**What is required**
Please return only the lines from the one with "Военные и торговые" through the final line of the data, unchanged, with pictures omitted.
*** Opening Provided data ***
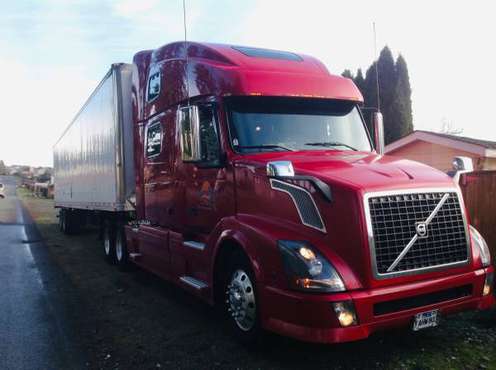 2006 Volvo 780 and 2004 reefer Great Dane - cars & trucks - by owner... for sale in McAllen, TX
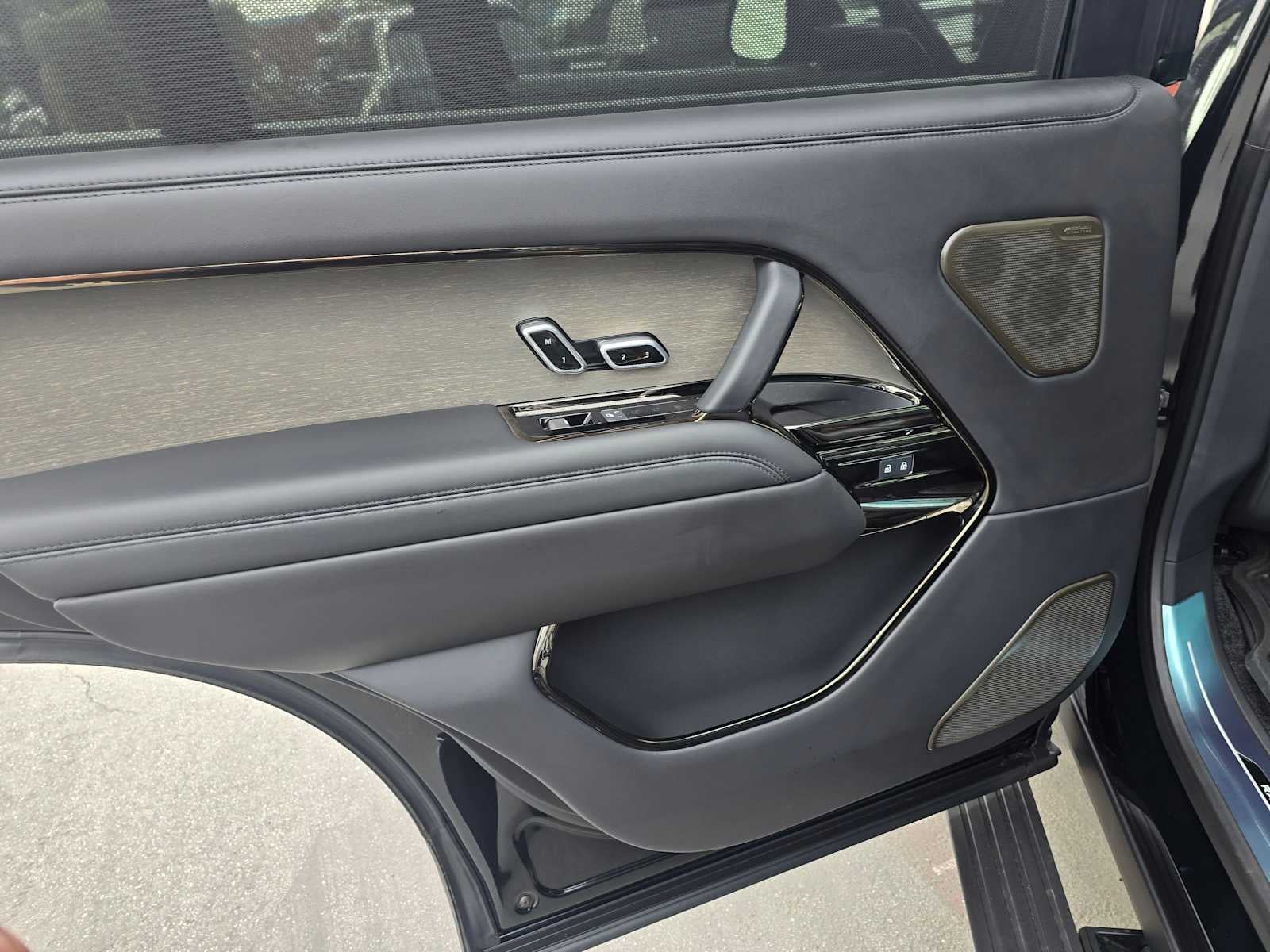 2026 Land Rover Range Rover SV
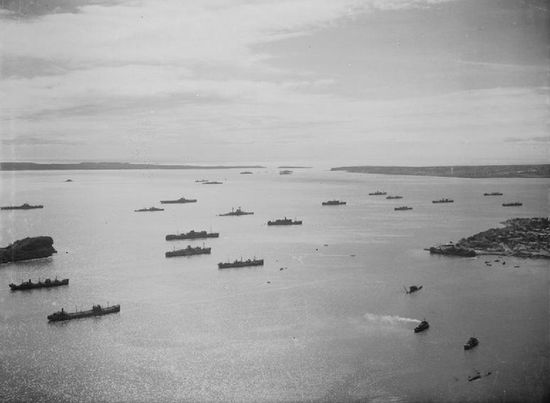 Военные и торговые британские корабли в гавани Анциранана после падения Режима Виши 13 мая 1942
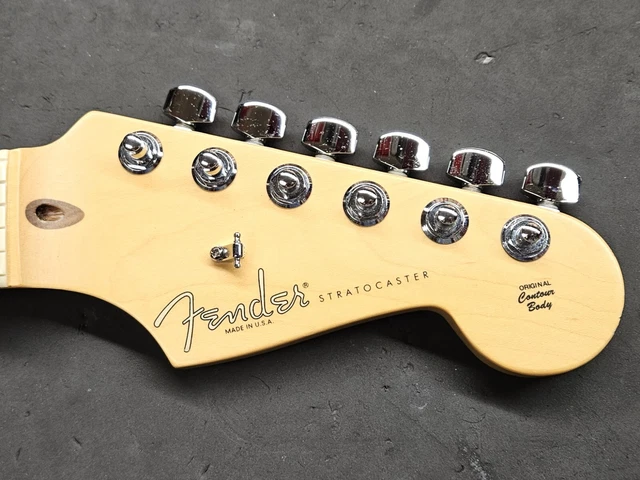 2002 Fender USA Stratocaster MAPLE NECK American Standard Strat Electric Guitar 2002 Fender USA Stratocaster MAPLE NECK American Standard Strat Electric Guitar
*** Closing Provided data ***
**Exercise result**
 Военные и торговые британские корабли в гавани Анциранана после падения Режима Виши 13 мая 1942
 2002 Fender USA Stratocaster MAPLE NECK American Standard Strat Electric Guitar 2002 Fender USA Stratocaster MAPLE NECK American Standard Strat Electric Guitar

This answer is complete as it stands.